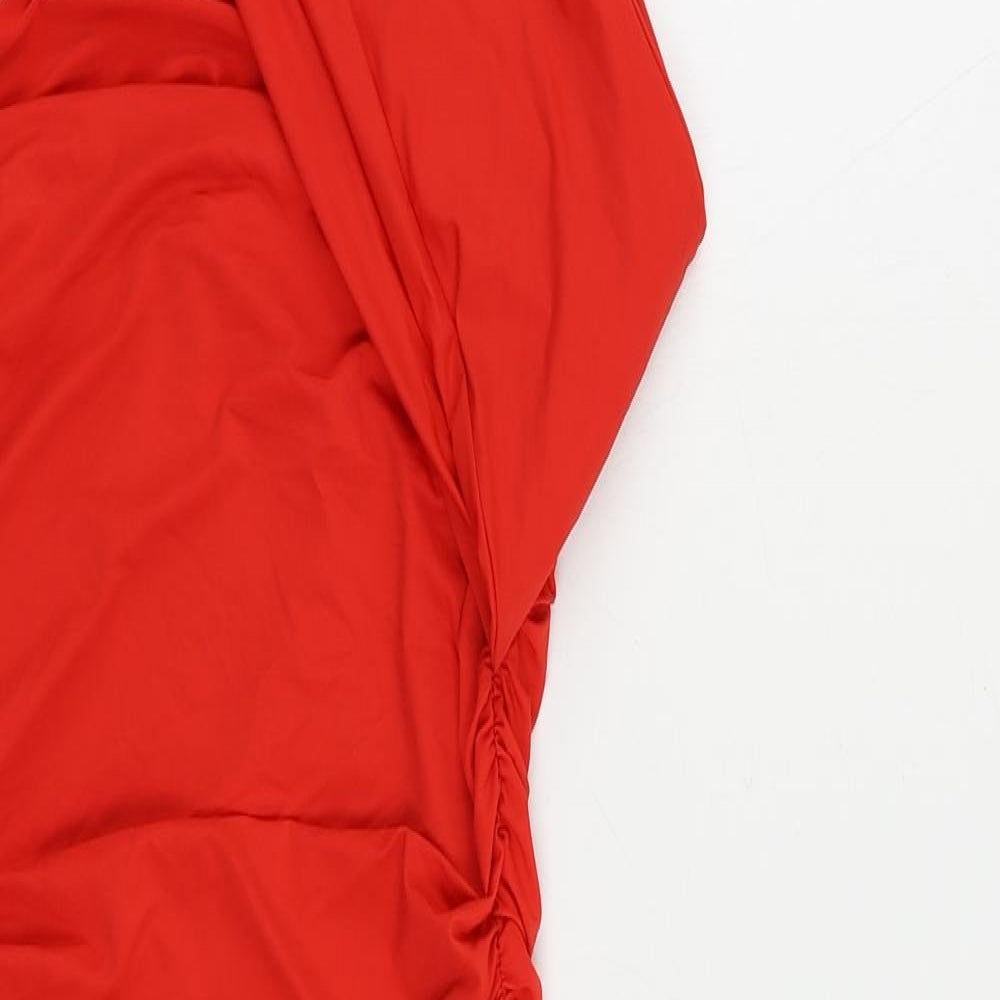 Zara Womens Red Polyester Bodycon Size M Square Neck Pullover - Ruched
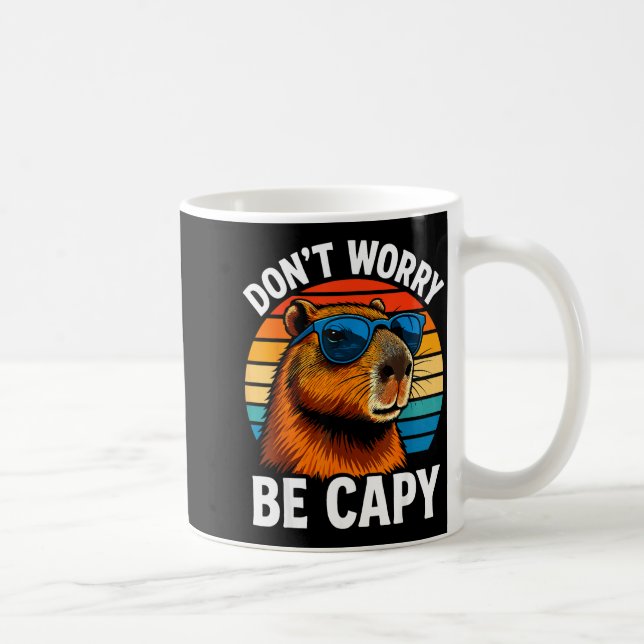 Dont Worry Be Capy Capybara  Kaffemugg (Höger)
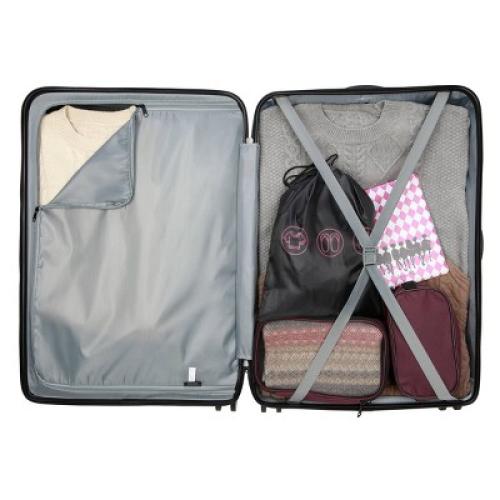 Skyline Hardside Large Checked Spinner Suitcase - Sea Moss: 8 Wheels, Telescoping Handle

...

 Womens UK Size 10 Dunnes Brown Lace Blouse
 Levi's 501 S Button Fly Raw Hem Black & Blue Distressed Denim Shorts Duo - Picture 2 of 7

§ **WHAT IS NEEDED**: Exactly the lines above from the one that contains "Dont Worry Be" down to the one that contains "Skyline Hardside Large" are to be output, both ends kept and pictures omitted.

§ **RESPONSE TO THIS TASK**:
 Dont Worry Be Capy Capybara  Kaffemugg (Höger)
 Skyline Hardside Large Checked Spinner Suitcase - Sea Moss: 8 Wheels, Telescoping Handle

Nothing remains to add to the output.